# Dataset records
□ □ □ □
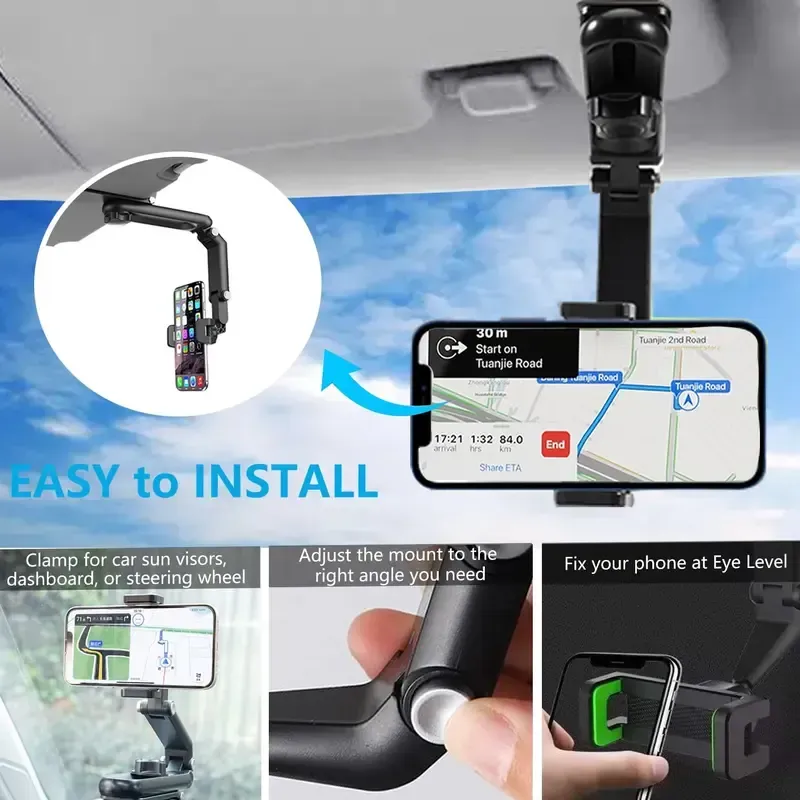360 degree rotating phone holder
□ □ □ □
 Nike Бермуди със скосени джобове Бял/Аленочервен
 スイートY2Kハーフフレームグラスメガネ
□ □ □ □
# What is required
Using only the listing above, restate exactly the lines from the line containing "Nike Бермуди със" through the line containing "スイートY2Kハーフフレームグラスメガネ", both included.

# Written reply
 Nike Бермуди със скосени джобове Бял/Аленочервен
 スイートY2Kハーフフレームグラスメガネ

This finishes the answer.